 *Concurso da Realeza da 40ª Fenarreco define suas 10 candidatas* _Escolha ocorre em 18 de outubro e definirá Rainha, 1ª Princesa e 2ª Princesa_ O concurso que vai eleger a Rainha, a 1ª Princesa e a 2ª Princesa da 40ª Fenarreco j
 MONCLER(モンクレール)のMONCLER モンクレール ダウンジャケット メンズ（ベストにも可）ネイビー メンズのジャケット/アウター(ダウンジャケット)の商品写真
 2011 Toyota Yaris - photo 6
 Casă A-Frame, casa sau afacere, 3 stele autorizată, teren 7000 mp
...
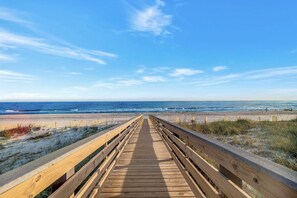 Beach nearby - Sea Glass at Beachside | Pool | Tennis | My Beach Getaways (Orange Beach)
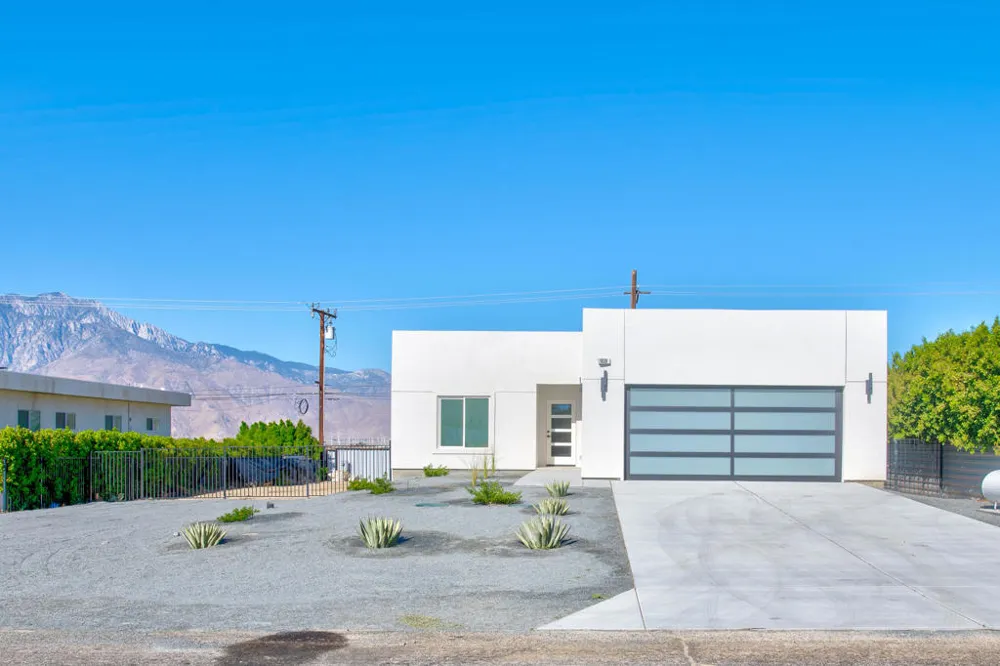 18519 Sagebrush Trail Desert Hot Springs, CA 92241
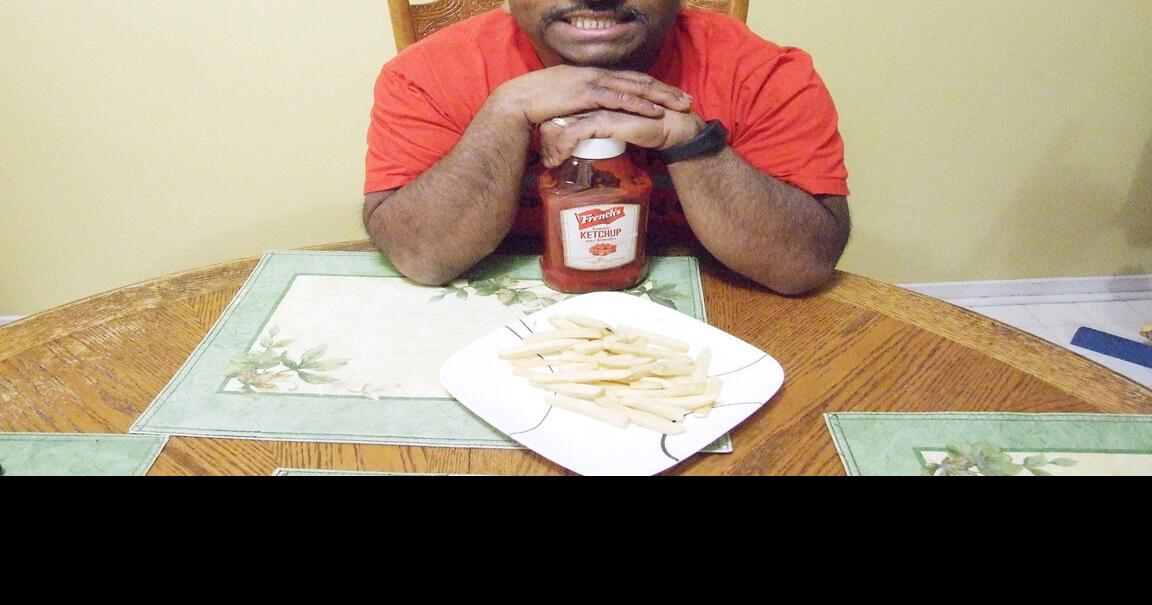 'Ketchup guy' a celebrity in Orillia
==
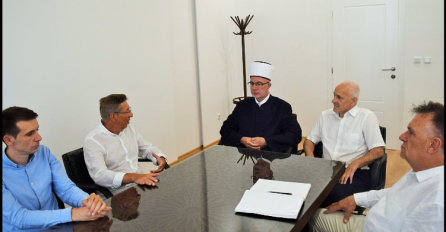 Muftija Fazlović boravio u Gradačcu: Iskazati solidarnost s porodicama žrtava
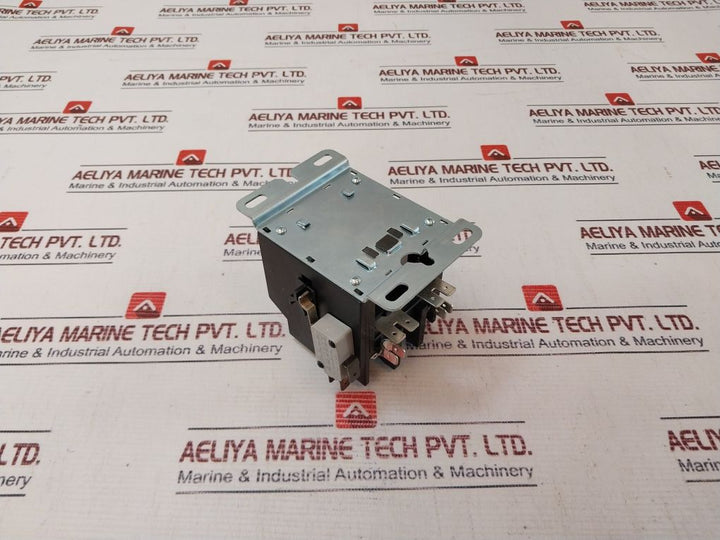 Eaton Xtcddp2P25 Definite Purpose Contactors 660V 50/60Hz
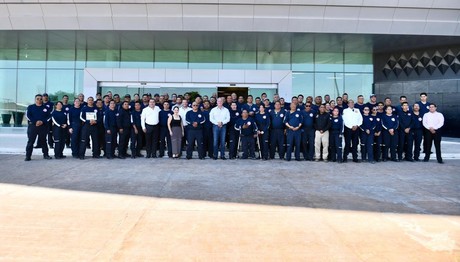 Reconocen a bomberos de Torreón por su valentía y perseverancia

• Required action
Scan the entries above for the line containing "40ª Fenarreco j", and copy it and all lines after it exactly, down to and including the line containing "Casă A-Frame, casa".

• Answer box
 *Concurso da Realeza da 40ª Fenarreco define suas 10 candidatas* _Escolha ocorre em 18 de outubro e definirá Rainha, 1ª Princesa e 2ª Princesa_ O concurso que vai eleger a Rainha, a 1ª Princesa e a 2ª Princesa da 40ª Fenarreco j
 MONCLER(モンクレール)のMONCLER モンクレール ダウンジャケット メンズ（ベストにも可）ネイビー メンズのジャケット/アウター(ダウンジャケット)の商品写真
 2011 Toyota Yaris - photo 6
 Casă A-Frame, casa sau afacere, 3 stele autorizată, teren 7000 mp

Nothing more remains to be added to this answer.